Christina Kahrl discusses the release of Bard by the Red Sox:
Bard's release had very little to do with his having a good or bad camp—he was hitting just fine, but the Sox would have owed him as much as a fifth of his salary instead of a sixth had they kept him any longer, and the entire $1.7 million had he made the team on Opening Day. Now, perhaps holding onto him could have made some extra bit of sense, you might think, because surely they'd be able to peddle him before that point, no? No. Because included in the elaborately silly explanation to themselves about what their non-Tek catcher must do is that this unnamed someone or somebody must catch Tim Wakefield, because the alternative, like, say, asking Jason Varitek to, y'know, do so is apparently inconceivable and defies several local ordinances, not to mention that it contravenes matters of faith handed down from William Bradford or Cotton Mather or Eddie Collins or some other rigid keeper of unquestioned tradition. I guess I look at the scenario and wonder again why retaining Varitek made any sense. Consider the median projected performances of Boston's alternatives for donning the tools of ignorance:
Dude Age PA AVG/ OBP/ SLG/ EqA VORP WARP
Varitek 37 258 .235/.323/.389/.249 3.4 1.4
Bard 31 245 .265/.337/.386/.253 4.9 1.0
Kottaras 26 404 .214/.302/.370/.235 -10.0 0.6
Brown 27 336 .205/.275/.326/.209 -11.5 0.3
There's a lot of unproductive bloodlessness here, and with the choice being between something to sink your teeth into or cucumber sandwiches, I'm left asking, "where's the beef?"* Instead, we have a special sort of sacred cow that people shouldn't necessarily stop traffic for, let alone accommodate when the ticklish subject of catching flutterballs arises. Not that there's no time like the present for Kottaras, but the present isn't going to be very special, and if something happens to Varitek, the Sox get left with the same sorry state of affairs they had to deal with last year: something in a scrubby or non-prospect flavor, while punting offensive production at a lineup slot in the name of turning the catcher position into a sinecure for a former talent and a former prospect. If getting rid of the best hitter of the four catchers in camp sounds like a great idea to you, you probably work for the Rays or Yankees.

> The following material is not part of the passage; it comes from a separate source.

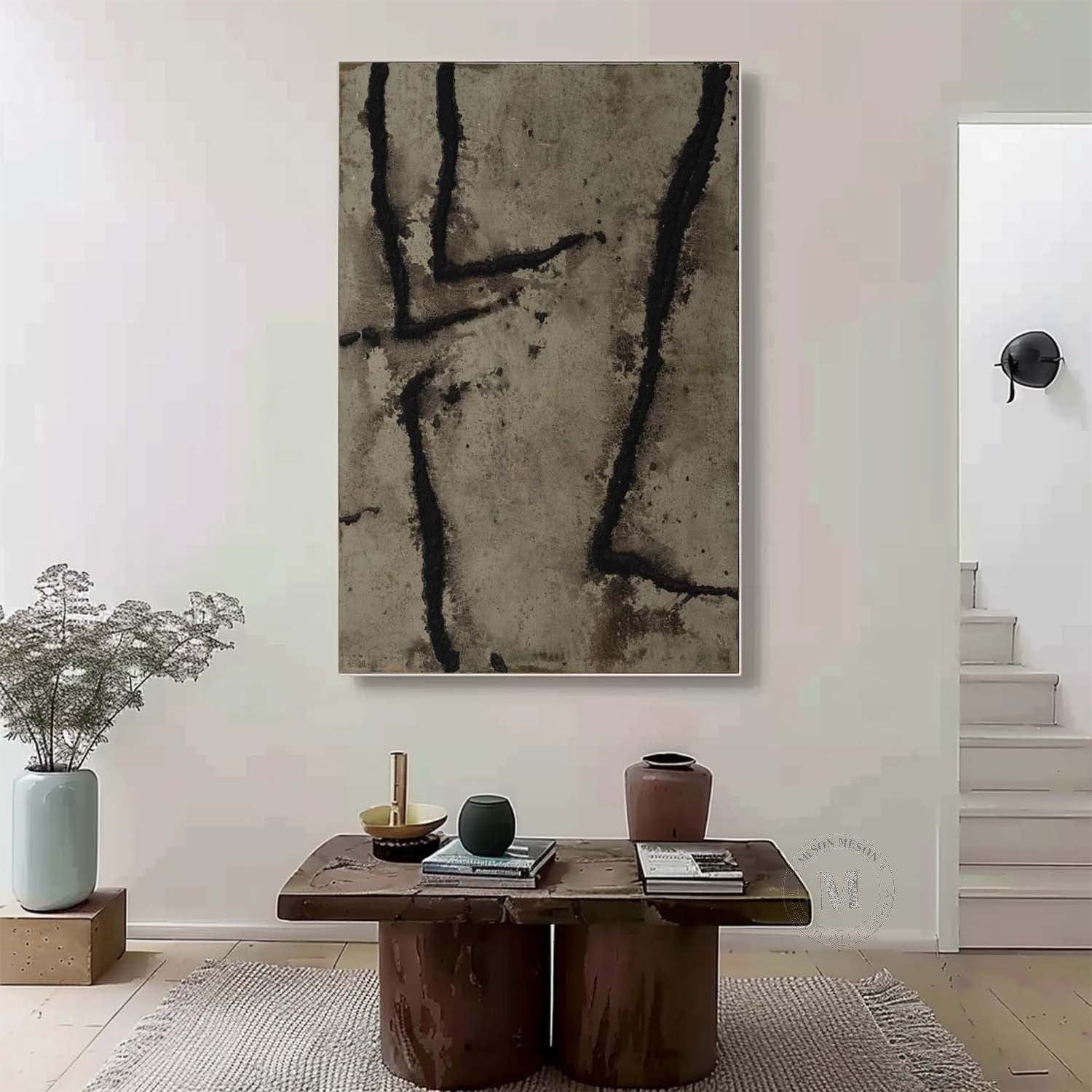Large 3D Taupe Texture Paintings for Sale Taupe Abstract Canvas Wall Art Decor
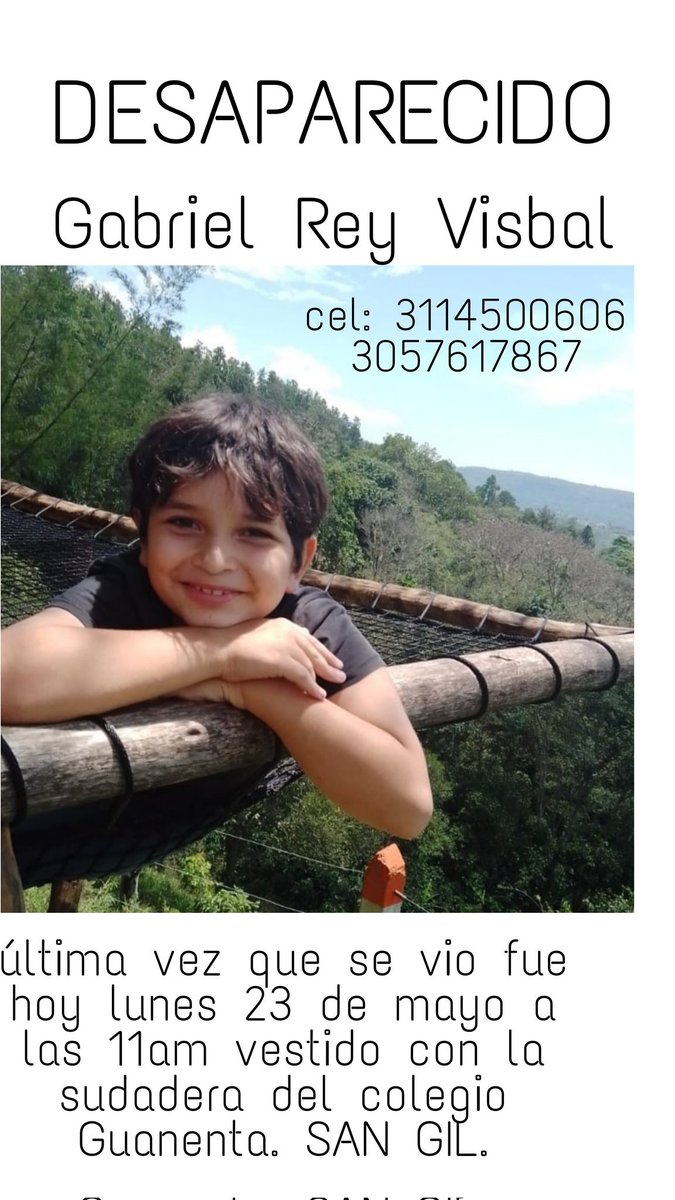 miquimo61's tweet photo. AYUDEMOS  A ENCONTRARLO RT RT RT https://t.co/Gy99gQp6e7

At its core, this just doesn't make much sense. The financial stakes of retaining Bard are relatively low as these things go, but because the Red Sox seem to be operating their decision tree on who does what behind the plate with a group of iron-clad if/then statements—"if Wakefield pitches, then Tek cannot catch"—they don't seem to be considering the more basic question of whether or not they have a good catcher, and what might actually make them better while trying to avoid the fate of last year's Yankees.